I've been such a bad blogger for the past few weeks...okay, fine, since the very beginning. I just don't have much gas left in my blogging tank after maintaining a pair of blogs for work, but I need to adjust my attitude and make it happen. Blogging is like exercise: just set aside 30 minutes from each day & GO! So, in the wake of welcome renewal of movies-with-friends spirit in recent days, most notably last night's first of three consecutive weekly "Red Riding" movie nights w/ Rachel & Kyle Arthur, I am shaking off the gaslight blues. Fill 'er up!
I am rededicating myself to regular posts, and I've got a fat handful of fall movies to blog about so consider yourselves warned ("yourselves," as if I have a large plural readership in need of addressing). Rachel & I finally got our hands on The Red Riding Trilogy, the sprawling 5-hour crime epic originally made for British television but released stateside last February by IFC Films. It was a full year ago that Rachel first declared the trilogy a must-see for us.
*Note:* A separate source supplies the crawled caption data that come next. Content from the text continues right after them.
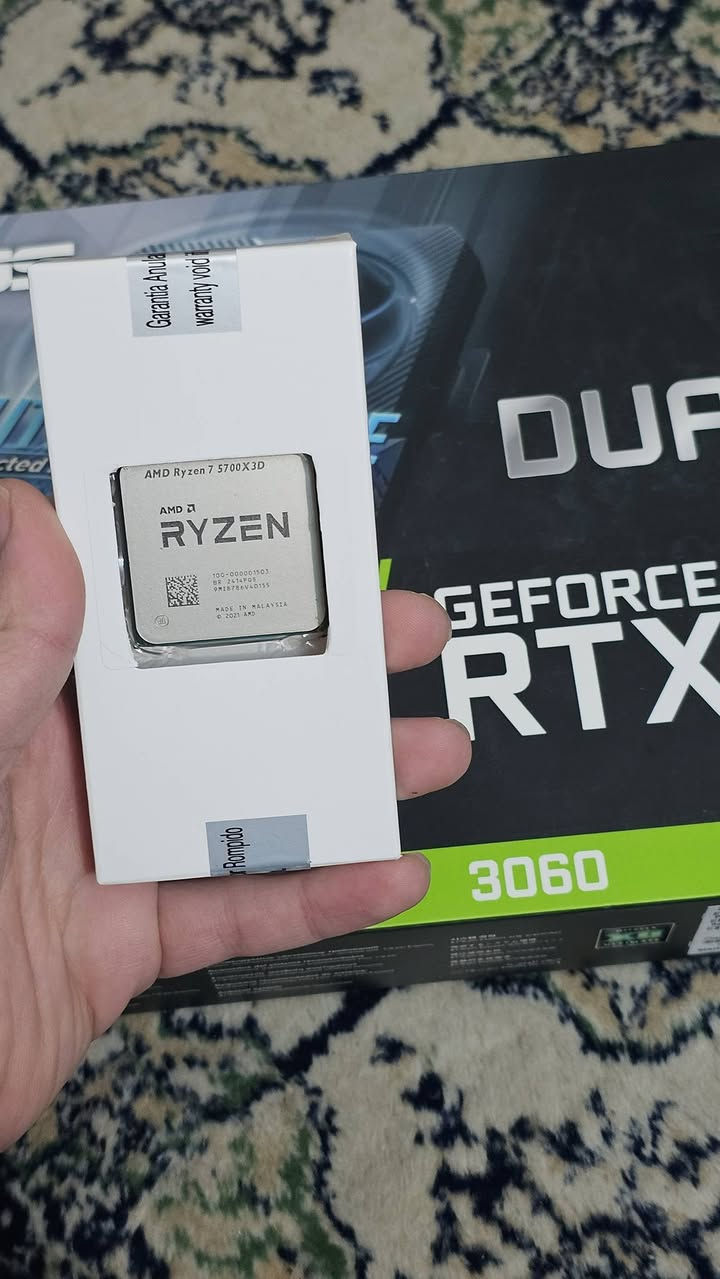 رامات ٣٢ كيكا تي فورس 32g 2×16gb 6000mhz cl30 السعر ٤٥٠
معالج r7 5700x3d tray جديد ٣٢٥ الف
كرت ٤٠٨٠ سوبر كيكابايت ١٤٥٠ الف
هارد ساتا ١ تيرا جديد ٩٠ الف 
رامات ٣٢ كيكا ddr4 3200 ب ٢٠٠ الف
رام ١٦ كيكا قطعة وحدة xpg  لون ابيض تردد ٣٦٠٠ السعر ١٢٥ الف
رامات ٦٤ كيكا كورسير ٣٢+٣٢ تردد ٣٦٠٠ السعر ٣٧٥ الف جديد 
مكاني الموصل ومتوفر توصيل محافظات


**إذا كنت صاحب هذا الإعلان وتريد حذفه لأي سبب، رجاءا أرسل رسالة إلى الدعم الفني**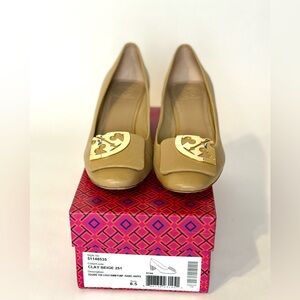 Tory Burch Clay Beige Square Toe Logo 50MM Pump Leather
You see, Rachel & I have a special movie night relationship that goes way back, usually involving Werner Herzog and once also featuring Liz Burnell before she stood up in the middle of "Cobra Verde" and announced in no uncertain terms that she hates Werner and would not suffer even one more minute of our insufferable cinematic taste. (She did make equally clear that if ever we come to our senses & want to watch Twilight stoned in her bed, we are welcome to come on over.)
Andrew Garfield as a journalist up against bloody bad odds in "Red Riding: 1974"
"Red Riding" comprises three separate but connected individual films, "1974," "1980," and "1983," each from a different director.  I was extra stoked to watch "1974" last night because of the central presence of Andrew Garfield, the young actor next in line to play "Spider-Man" in Sony's inevitable back-to-high school franchise reboot.  Garfield may well be 2010's MVP, with a likely Oscar nomination coming his way for "The Social Network," and an unforgettable performance in the bleak gem "Never Let Me Go" as a lovelorn schoolboy coping with the realization that he is, in fact, a clone. Yeah, pretty rough.  On first impression, he's a bit young to play the headstrong newspaper reporter who takes on the pervasive corruption behind the brutal string of murders in "1974," but Garfield goes the distance, no sweat. He's probably the most promising actor to emerge into the mainstream since Ryan Gosling.

I will withhold further commentary and attempts at insight until we have completed the entire gritty saga a couple of weeks from now, but we were sufficiently hooked by "1974" enough to move forward with the remaining pieces of the criminal corruption triptych. The next entry is directed by James Marsh, who last made the exhilarating documentary masterpiece "Man on Wire." That said, I can't wait for "1980" to get here.